As demonstrated by the Guardian's 1000 albums special and its combustible blog (has anyone calculated how many man-hours were lost while that was going on?), "the album" is still the basic unit of currency for the obsessive listener. (Full disclosure: I wrote 49 of the 1000.) For classical listeners it's "the work", best accommodated by CDs or DVDs, and for clubbers and DJs it's the "tune", often on 12-inch vinyl or a WAV or FLAC file to sound good over a big system. And though everyone likes the compressed, crunchy convenience of downloads, the idea of the "long-player", whether a concept album or a greatest hits collection, still has a tight grip on the way we think about music.
Take one of Friday's collection of "forgotten" albums suggested by readers - it's hard to think of Charlie Haden's Liberation Music Orchestra as disembodied tracks, separated from the great sleeve image.
At Pizza Express in Dean Street, where I saw the Jef Neve trio on Thursday, every table has a card that suggests diners take home a CD signed by the artist, assuming (rightly) that every band they promote, however small-time, will have a CD to sell on the night. This is different to the scene of, say, 20 years ago, when few of the younger bands would have deals, and many senior figures (even the big names) had been dropped by their record companies.

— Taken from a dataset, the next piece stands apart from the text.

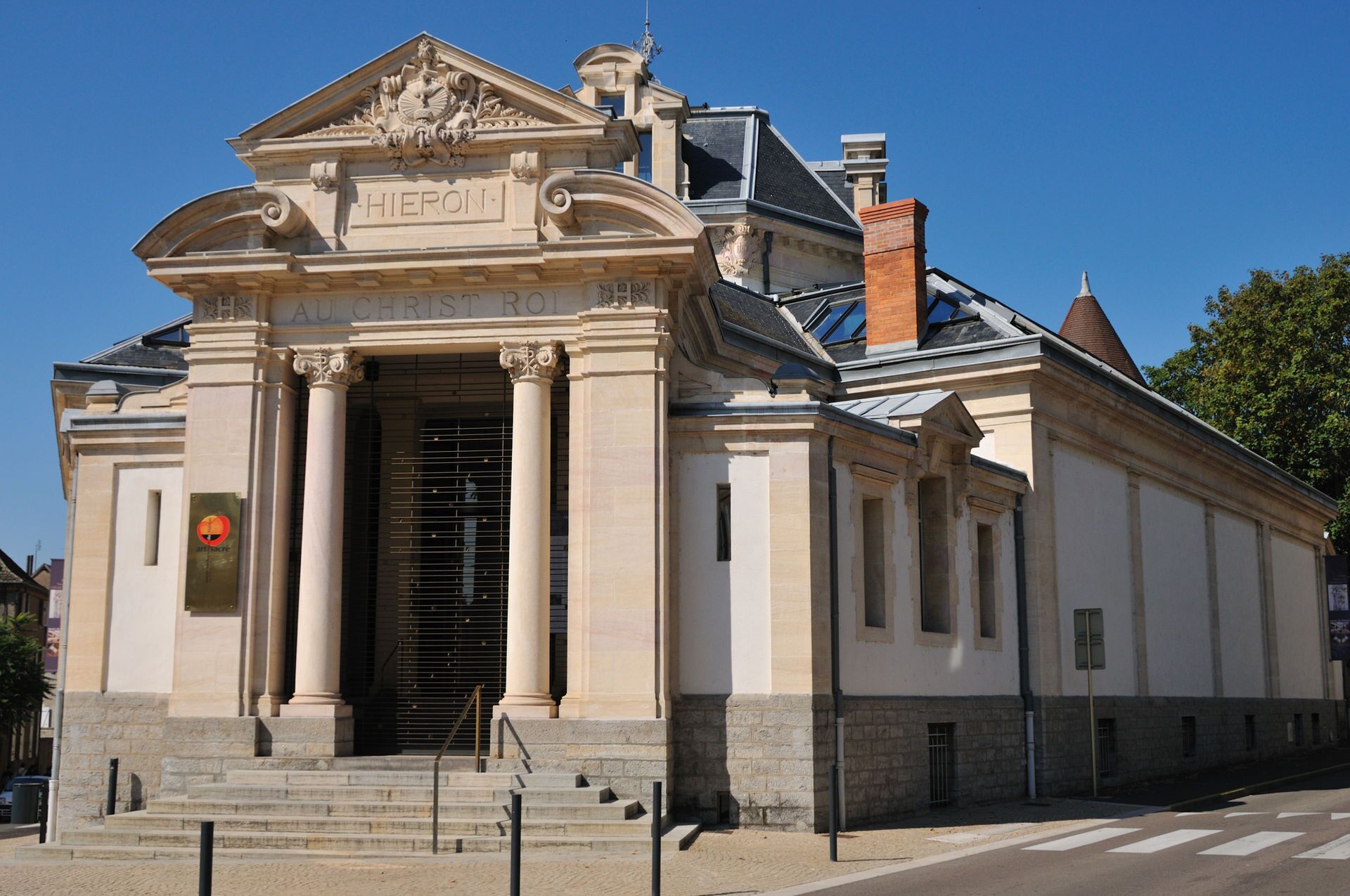 A classical building with a prominent entrance, columns, and a clock.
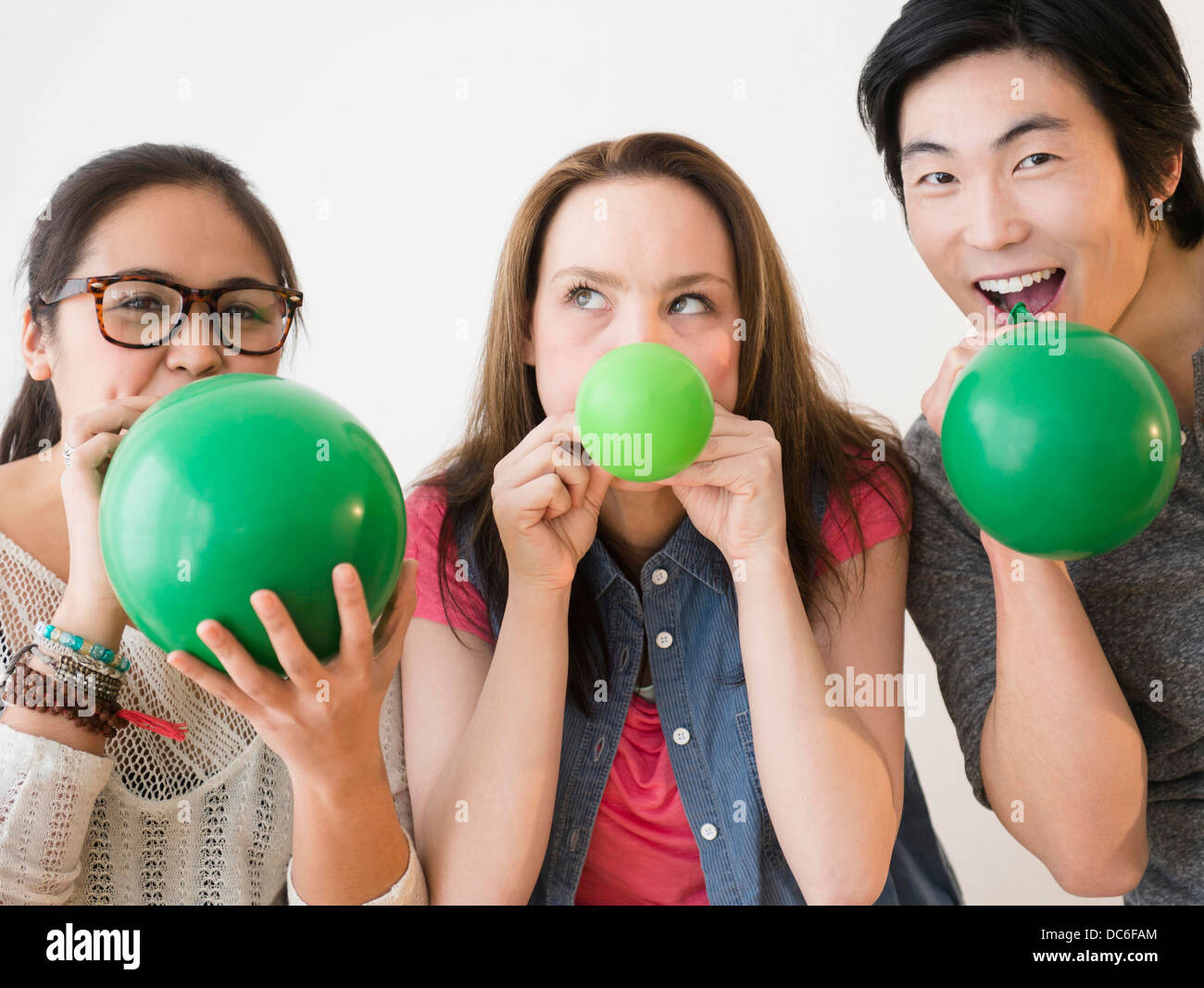 Portrait of young women and man blowing green balloons Stock Photo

Nowadays, despite the music retail crisis, nearly everyone - young, old and in-between - has an album and a MySpace page to help them flog it. For example: Zoe Rahman, Byron Wallen, Carol Grimes, Luke Barlow, Fraud, Ingrid Laubrock, Led Bib, Monika Vasconcelos, Zhenya Strigalev and so on, all artists in the London jazz festival. There are small outfits such as F-IRE and the Loop Collective, and labels like Babel and Basho and Brownswood and Birdjam and a few that don't begin with a "B", like Vortex, which has released the Portico Quartet's tuneful debut. (Talking of music visuals, which I was last week, see Leo Bridle's ingenious video using the Porticos' music.
And there are still artists who are actually signed to major record labels, like the divine Luciana Souza, who appeared with the Britten Sinfonia on Saturday night, or to big indies: ECM has festival stars John Surman, Tord Gustavsen (yawn), Jon Hassell and the brilliant Stefano Bollani & Enrico Rava.
So even if you're not in reach of London, you can construct an audio version of the festival in the comfort of your home. And compile a list of 1000 albums to hear before the next festival. Blog it at your own risk.